Stress is a natural part of life, but when it becomes chronic, it can wear you down, both mentally and physically. If you have diabetes, stress can make it harder to control your blood glucose level. It also may increase the odds of developing certain complications, such as heart and blood vessel disease and infections made worse by a weakened immune system. In addition, it may distract you so much that you forget to take good care of yourself and to follow your self-care regimen. Yet here’s the catch: Diabetes itself can be a very stressful experience, as you’re forced to adjust to having a chronic disease and making all the lifestyle changes that go along with it. That’s why learning to manage stress is so important.

Stress and strain
To get a handle on stress, it helps to know a bit about the underlying physiology. The so-called fight-or-flight response is the body’s way of gearing up to fight or flee when it encounters danger. Heart rate, blood pressure, breathing rate, and muscle tension all increase — changes that would come in quite handy if you were being attacked or chased. Another hallmark of the stress response is the rapid mobilization of energy stores along with the inhibition of further storage. Glucose and the simplest forms of proteins and fats come pouring out of their storage sites to fuel whatever muscles might be needed immediately for fight or flight. At the same time, digestion is inhibited since there wouldn’t be time to derive benefits from this slower process.

Most situations in modern life don’t involve much wrestling or running, however. Unfortunately, the body can’t distinguish between the threat of a predator in the wild and that of an overdraft notice from the bank, so it goes into the same state of high alert.

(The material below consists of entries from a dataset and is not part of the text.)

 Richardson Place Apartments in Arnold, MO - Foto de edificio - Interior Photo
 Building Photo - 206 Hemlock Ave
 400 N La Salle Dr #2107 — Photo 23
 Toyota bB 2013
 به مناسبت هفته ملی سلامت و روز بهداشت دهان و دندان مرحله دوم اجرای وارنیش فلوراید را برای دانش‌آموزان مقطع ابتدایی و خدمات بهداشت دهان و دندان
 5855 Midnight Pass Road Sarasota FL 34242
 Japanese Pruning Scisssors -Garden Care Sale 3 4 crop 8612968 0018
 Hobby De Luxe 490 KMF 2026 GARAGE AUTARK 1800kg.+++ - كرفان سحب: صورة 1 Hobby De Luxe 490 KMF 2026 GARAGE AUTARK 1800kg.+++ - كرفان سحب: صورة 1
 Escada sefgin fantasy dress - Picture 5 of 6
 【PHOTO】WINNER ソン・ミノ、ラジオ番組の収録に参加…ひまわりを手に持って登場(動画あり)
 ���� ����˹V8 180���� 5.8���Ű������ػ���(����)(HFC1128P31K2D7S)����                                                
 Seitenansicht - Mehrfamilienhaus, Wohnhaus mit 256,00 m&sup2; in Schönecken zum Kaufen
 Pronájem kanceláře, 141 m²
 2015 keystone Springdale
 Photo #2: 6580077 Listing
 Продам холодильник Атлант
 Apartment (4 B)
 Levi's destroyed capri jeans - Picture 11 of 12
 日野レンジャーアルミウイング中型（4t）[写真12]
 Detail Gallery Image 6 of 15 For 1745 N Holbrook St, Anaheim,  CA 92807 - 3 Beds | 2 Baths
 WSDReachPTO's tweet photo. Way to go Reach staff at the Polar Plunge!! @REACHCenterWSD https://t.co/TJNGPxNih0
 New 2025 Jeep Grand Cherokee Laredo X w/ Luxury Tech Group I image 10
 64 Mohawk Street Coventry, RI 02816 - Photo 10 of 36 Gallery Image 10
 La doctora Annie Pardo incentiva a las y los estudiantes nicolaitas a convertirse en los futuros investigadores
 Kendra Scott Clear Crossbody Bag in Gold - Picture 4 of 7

Over time, a prolonged stress response may contribute to a range of health problems, including anxiety, depression, headaches, backaches, digestive difficulties, high blood pressure, and lower resistance to infection. As far as diabetes goes, many people say they see a link between stress and their blood glucose levels. In people with Type 2 diabetes, stress often raises blood glucose level. In people with Type 1 diabetes, the effects can vary.

“Some people who have Type 1 diabetes say stress drives their blood glucose level up, while others say it drives the level down, and still others don’t notice any impact one way or the other,” says Mark Peyrot, PhD, a sociology professor at Loyola College in Baltimore who has researched the stress–glucose connection. “Within a given individual, though, the reaction to stress tends to be consistent.” In other words, if you’ve reacted to stress in the past with a spike in blood glucose, chances are you’ll react that way in the future, too.

The means by which stress may affect diabetes is still unclear. However, part of the fight-or-flight response involves breaking down stored forms of glucose into blood glucose to ready the body for quick action. It’s easy to see how this could lead to high blood glucose in the short term. Stress also blocks the release of insulin in people whose bodies still make that hormone.

In the long term, if stress becomes a frequent problem, a person might start to confuse its symptoms with other physical cues. This is why people aiming for tight diabetes control are often advised to record life events along with their blood glucose measurements and insulin or medicine doses. The goal is to identify patterns that make it easier to distinguish the effects of stress from other feelings, such as hunger and lightheadedness before a meal. In addition, stress may affect how people with diabetes take care of themselves. Some people react to stress by eating too much, drinking large amounts of alcohol, or vegging out rather than exercising. This behavior, in turn, may lead to unwanted fluctuations in blood glucose.